Entrou nos 100 anos de existência um dos principais órgãos da imprensa portuguesa, o diário O Primeiro de Janeiro.
As manifestações de regozijo e de carinho provocadas pelo acontecimento, nos meios, representativos e no grande público, não se limitaram a atitudes locais ou regionais, porque O Primeiro de Janeiro, para além da defesa esclarecida -, oportuna e intransigente dos interesses da cidade II da região que o viram surgir dos acidentados dias da «Janeirinha», é, desde há muito, sob todos os aspectos jornalísticos, um grande diário, cuja difusão e influencia abrangem o País inteiro.
Nascido no agitado período das lutas políticas que dominaram a vida nacional do século passado, precisamente quando homens de Estado bem intencionados procuravam pacificar a Nação, libertando-a das guerras civis características dos primeiros anos do liberalismo, foi o movimento popular de reacção contra a criação do imposto de consumo sobre géneros alimentícios a razão próxima do seu aparecimento.
Não teve a vida efémera de muitos jornais de opinião. Tomando em breve feição informativa, pôde dispor ao longo dessa centena de anos, desde Gaspar Baltar a Manuel Pinto de Azevedo Júnior, de uma plêiade de orientadores de forte personalidade, entre os quais, se contam alguns dos maiores nomes do nosso jornalismo, que fizeram dele a objectiva atenta de todos os factos importantes da história contemporânea de Portugal e do Mundo, mantida com independência exemplar, virtude nunca de mais exaltada dos verdadeiros trabalhadores da imprensa.
Sr. Presidente: A quem for dado folhear os quase 40000 números publicados, encontrará, certamente, a par da notícia actual, exacta, penetrante desses factos, colhida nas fontes autênticas, e da reportagem oportuna dos acontecimentos, os comentários críticos sobre os diversos sectores da vida colectiva, desde a política à economia, e às artes, e as páginas admiráveis de muitos dos nossos valores literários do século passado e do presente.

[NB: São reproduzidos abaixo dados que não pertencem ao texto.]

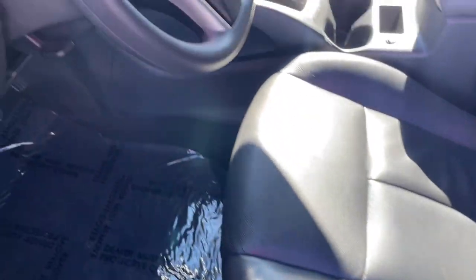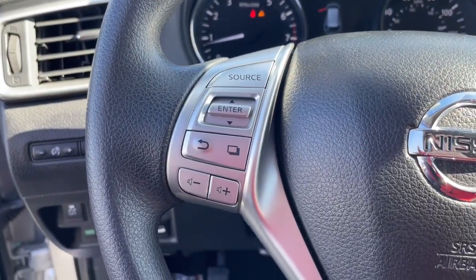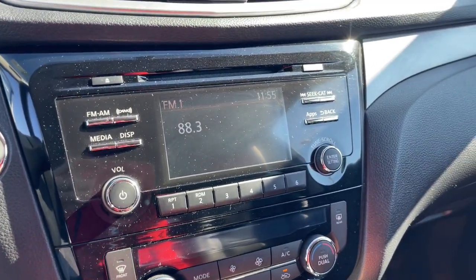Proximity key entry. All-wheel drive. Keyless entry. Four-cylinder engine. Backup camera. Satellite radio. Third-row seat. Aluminum wheels. Dual-zone AC. Power driver seat.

Se falarmos de política de informação, no sentido da influência da opinião pública, considerada elemento fundamental da política e da administração do País, poderemos também dizer com verdade que ela foi praticada por O Primeiro de Janeiro com patriotismo e lealdade, nunca regateando, desinteressadamente, colaboração e apoio às grandes questões e problemas nacionais.
A Câmara Municipal do Porto, por proposta de um dos seus ilustres vereadores, deliberou, na última sessão de 1967, dar o nome de O Primeiro de Janeiro a uma das ruas da cidade.
Cumpriu a Câmara o seu dever. Nada mais justo. Nada mais merecido.
Desta Assembleia quero também, no uso do mandato que aqui me trouxe, tanto como seu leitor atento, por gosto, por hábito e por tradição familiar, congratular-me com o centenário e formular o voto por que O Primeiro de Janeiro continue pelos anos fora a servir, com o mesmo prestígio, o País, a cidade do Porto e a cultura, congratulação e voto que, não duvido, são também os dos Srs. Deputados que me escutam.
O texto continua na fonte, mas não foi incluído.